In the Pacific Northwest, which this year has harvested nearly 19 million pounds of halibut, the opening of the commercial season is greeted with relief. Although the season runs for nine months, fishermen pining for a paycheck can catch 10 to 20 percent of the annual allowable catch in the season’s first few weeks.
This year, halibut season opened on March 23; it closes on Nov. 7.
“We can get by for a month or so,” says Circa 1886 executive chef Marc Collins of sourcing plans.
Still, the cognitive dissonance of seeing halibut dressed in fall colors points up one of the problems posed by the near-universal embrace of the seasonal eating mantra: Confining one’s diet to what’s being harvested right now isn’t always the most sustainable choice. As Collins says, “when you look at history, you had to preserve everything,” meaning eaters traditionally ended up putting less pressure on natural resources by eating pickled tomatoes in November and canned salmon in January.

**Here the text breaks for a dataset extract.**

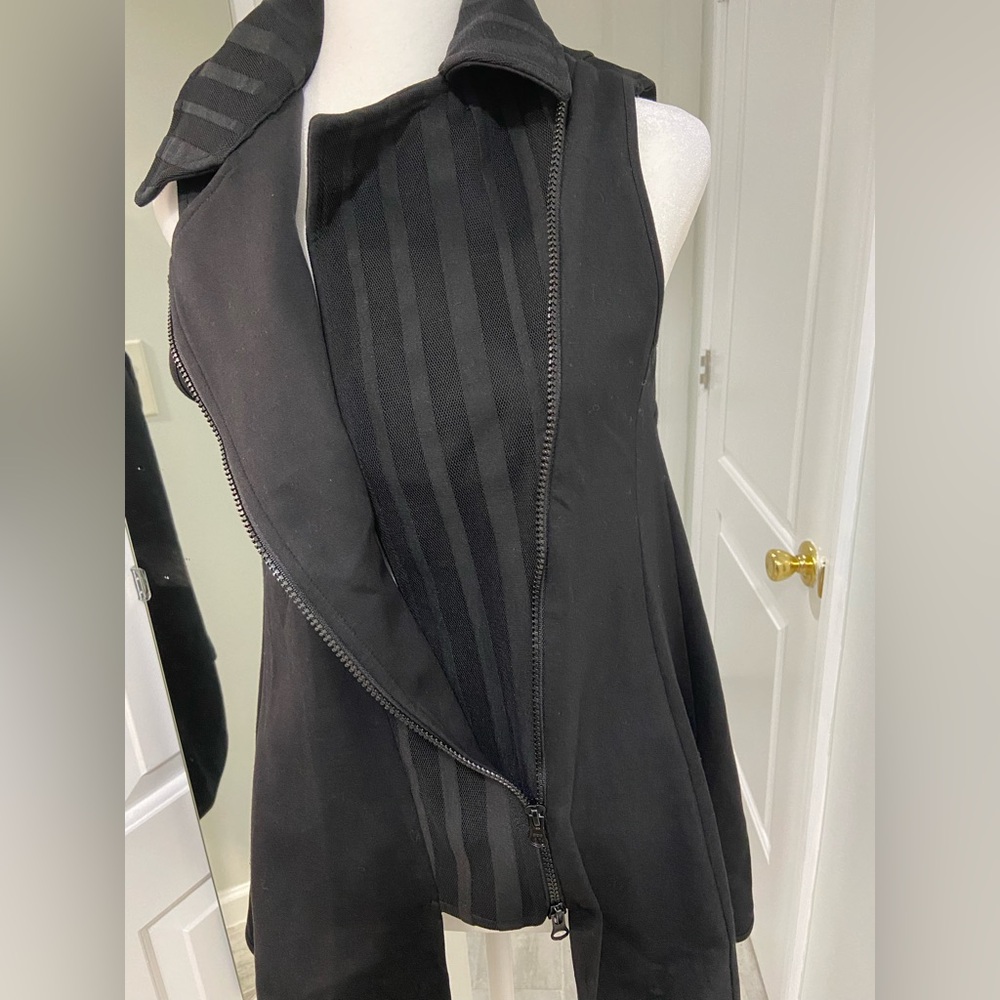 NWOT Alain Murati Women's Black Sleeveless Jacket/ Vest Size M/L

By that measure, halibut makes good sense in September. Collins concedes late-season halibut is frequently frozen before it reaches the restaurant, often while still at sea, but he doesn’t think the processing adversely affects the product’s quality. That’s important, because it’s not just fish from far-off Alaska that’s frozen and defrosted prior to sale: Collins says he’s dealt with local bass that also have undergone freezing.
“It presents a problem with thinner fish,” he says. “But we like to have a thin fish and a steakier fish on the menu.”
The thinner fish on fall’s menu is snapper, served with kale chips and shallot jam.
Eager eaters who’ve lined up for copycat cronuts at Kaminsky’s can now put their dough-waiting skills to use at DeSano Pizza Bakery, which opened last Friday.
The much-anticipated pizzeria at 94 Stuart St. will observe a Monday through Saturday “from 11:30 a.m. until ‘out of dough’ ” schedule.
DeSano is operated by Scott DeSano, who in 2011 purchased Atlanta’s famed Antico Pizza and vowed to replicate its artisan approach nationwide. The restaurant doesn’t deviate from Neapolitan standards: The pies are rapidly baked in 6,000-pound ovens which heat up to more than 1,000 degrees (think of the pizza as barbecue’s antithesis). The 10 pizzas on DeSano’s menu are topped with a mix of local ingredients and Naples-made products.